While we have already tested our MAS locally in combination with a blob storage, we still need to set up an Azure Function App that will host it online. We’ll opt for a Flex Consumption Plan, the newer pay-as-you-go option in Azure with more performance and storage options. Let’s go through some important settings. Choose the Python runtime stack that corresponds to your previous project version, in our case 3.11. The instance size of about 2 GB is fine, but also required as we are working with ML libraries with quite large environment installations. In the storage settings, you can reuse the previous storage account (provided you have set it up with hierarchical namespace). For this proof-of-concept tutorial, we will allow public network access so that we can deploy the feature from our local network without additional network control. In professional/productive settings, this option should always be disabled so that your applications are securely isolated on a private network!

Once the Azure App Service deployment is complete, we navigate to the ->Settings->Environment Variables tab to make some final adjustments. Both the local.settings.json and the .env file will ultimately not deployed, so we need to set up their variables here. The deployed functions need these to work as tested and can access them through these cloud-specific settings. If you deploy without environment variables in place, you will find that the deployment was successful but no functions are displayed and enabled due to the missing values.

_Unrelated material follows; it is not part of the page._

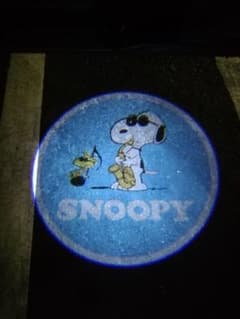 Snoopy 　磁石式カーテシランプ 　配線不要のサムネイル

After you’ve taken care of all that, it’s time to deploy the MAS into the Azure App Service. Using Visual Studio Code with Azure plugins simplifies this process to a few simple steps. On the dedicated Azure tab, we select the function we want to deploy to Azure. This takes us through the selection of the existing Function App and we’re ready to go. If there are any issues, you should find them in the logs. Once successfully deployed, the three functions for our three MAS workflows should be listed in both VS Code and Azure. Let’s take a look at the blob storage and see how the JSONs from the research processes appear. After some while we should also find the graph image from the final ROI reporting process. Congratulations, you have successfully set up a MAS research and prediction engine that is highly cost-effective! Remember to pause or delete the function app when you no longer need it, otherwise it will continue to run.


Of course, you can now start to customize this template with new task and agent definitions to suit your needs. Or you can create entirely new tools and orchestration workflows for completely different automation requirements. There are a lot more potential use cases for MAS automation. With the insights from this tutorial and the context post you should have a good starting point for testing further practical applications.